Pero sí logra contarme cómo fue aquella mañana. Había vuelto a casa con las bolsitas de dulces, elegidas por ella sola, pero idénticas a las que habían visto en Roma con Enzo; el vestido todavía no lo había comprado, pero se había probado ya tres de estilos diferentes, y tenía en mente uno en particular.

– Mi hermano contestó al teléfono, era la mamá de Enzo; él alzó la voz para llamarme. Estaba todavía al teléfono con la señora cuando me dijo que Enzo había caído herido, que los talibanes habían atacado un camión, un tanque, donde iba Enzo. Pero Enzo no estaba en los tanques, ni en los camiones, nunca me había enviado fotografías en las que saliera al lado de tanques. Me lo dijeron de repente, de modo que no podía asustarme enseguida. Tenía la boca seca, pero mi hermano seguía hablando con la madre de Enzo y entonces pensé que no era grave. Me imaginaba que las malas noticias te las daban poco a poco. Que el coche de los carabineros iría a donde la mamá de Enzo, y luego su padre avisaría al mío, y mi padre me llamaría allí, a la sala de estar, donde a uno le llaman siempre para saber cosas terribles, diciéndome: «Maria, tengo que hablar contigo», y yo mientras tanto habría comprendido que había pasado algo grave. Pero en cambio, mientras estábamos así, ordenando todavía las bolsitas de dulces, mi hermano, todavía al teléfono, me dio la noticia confusamente. ¿Y quién se la esperaba? No podía asustarme enseguida.
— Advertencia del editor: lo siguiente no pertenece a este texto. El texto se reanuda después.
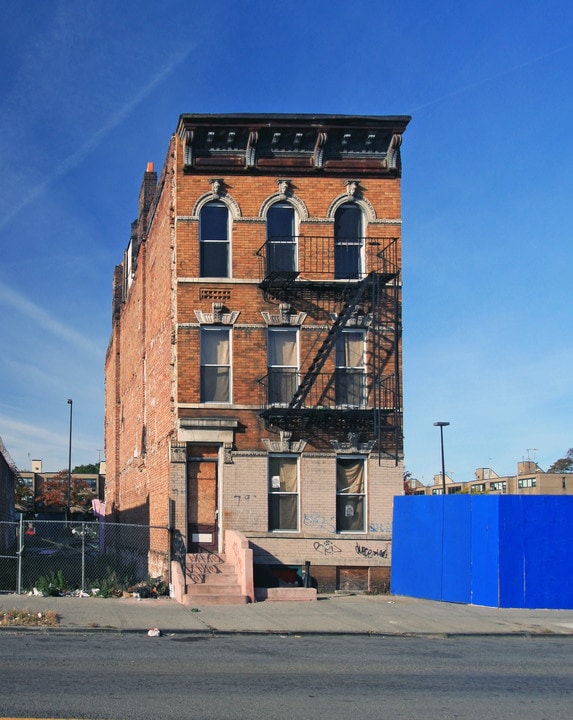 790 Rockaway Ave in Brooklyn, NY - Foto de edificio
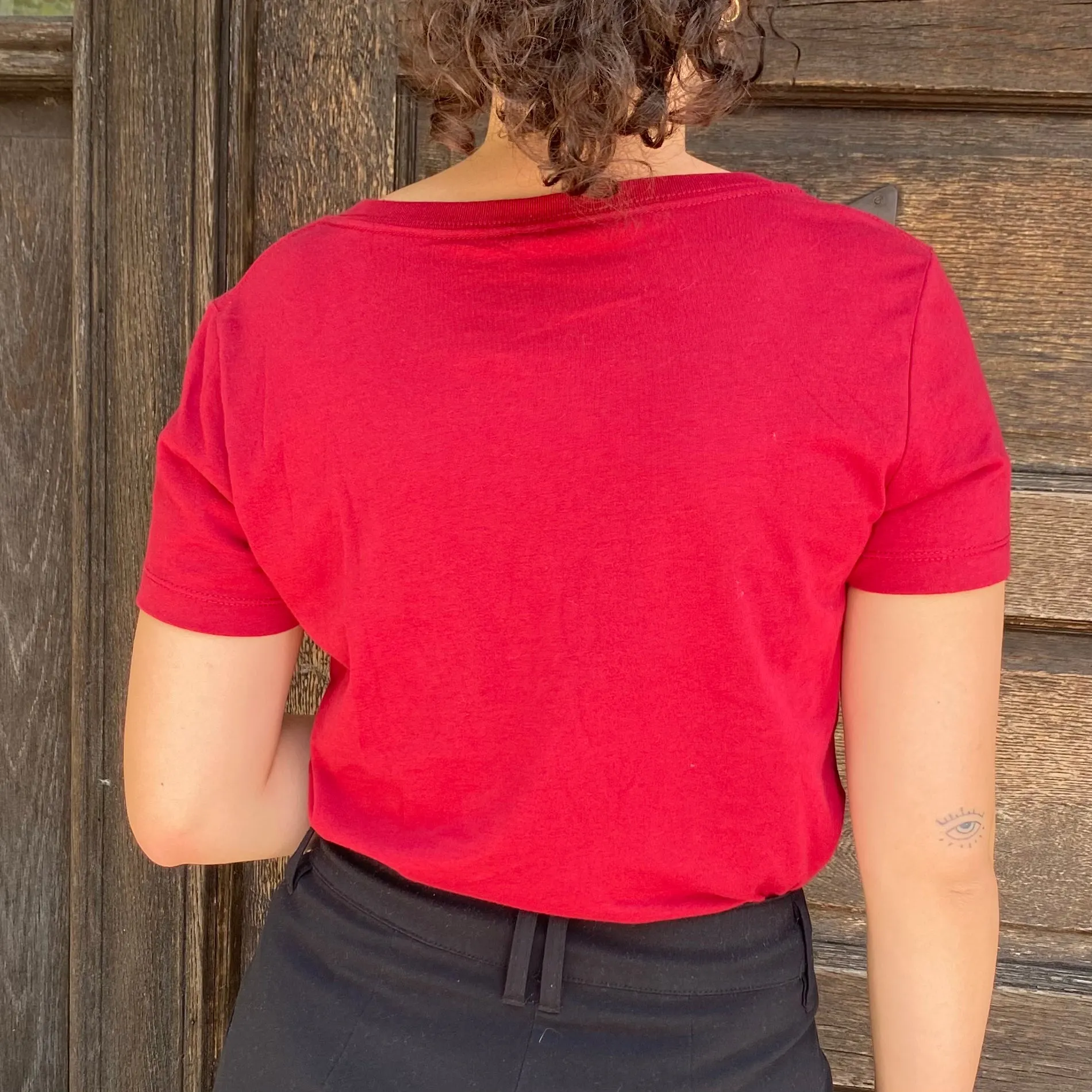 Sale! Anna Balkan T-Shirt – Comfortable Elegance for Everyday Wear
Encendimos el televisor, pero nada; buscamos en Internet… nada; llamamos a los números de teléfono que teníamos, a los amigos de Enzo: nadie sabía nada, nadie decía nada. Las primeras noticias las supe por la televisión, luego nos llamaron y nos dijeron que Enzo estaba en un blindado y que ese blindado, fuera de Kabul, había pasado por encima de una mina y la mina había explotado y el blindado había volcado y que había algunos muertos, pero que Enzo se había salvado.

En realidad, lo que hizo explotar el blindado no fue una simple mina antitanque, sino una carga activada por control remoto: los talibanes habían esperado a que pasara un convoy italiano para hacer saltar el artefacto. En aquel blindado había cuatro soldados. Había volcado, se había incendiado, con un ruido seco. Los tímpanos de los soldados se habían roto de inmediato y quedaron sumidos en el silencio. Enzo ya había perdido las piernas, las heridas se habían cauterizado de inmediato, la arteria femoral se había cerrado, y también había sido pasto de las llamas. Unas llamas que se habían extinguido de inmediato como para hacerle sufrir más, de repente el blindado se había convertido en un horno, los tímpanos rotos, las planchas convertidas en una especie de cimitarras volantes que cortaban cualquier cosa de un tajo. La explosión había lanzado a un soldado contra el techo del blindado partiéndole limpiamente el cuello; otros dos se habían salvado, Enzo había quedado con el cuerpo medio dentro y medio fuera.

Los talibanes habían hecho saltar el convoy. El blindado no había blindado nada. Se había abierto por debajo, y las esquirlas habían llovido en su interior.

– Nos habían dicho que podía salvarse, nos lo habían dicho…

En el pueblo habían empezado enseguida a preparar las pancartas para recibirle, la familia no podía salir de casa sin que todos le pidieran noticias, querían saber la suerte de Enzo.

– Incluso el director del banco, el que no nos quería dar el crédito porque no teníamos garantías, hasta él, que era uno de los motivos por los que Enzo había echado cuentas y se había marchado a la guerra, se acercaba cada vez a mi madre y le decía: sobre el crédito de los chicos, por supuesto cuenten conmigo en cuanto vuelva el cabo, en cuanto vuelva el cabo, ¡vengan a verme! Habría querido esculpirle en la cara, pero una mujer no hace esas cosas.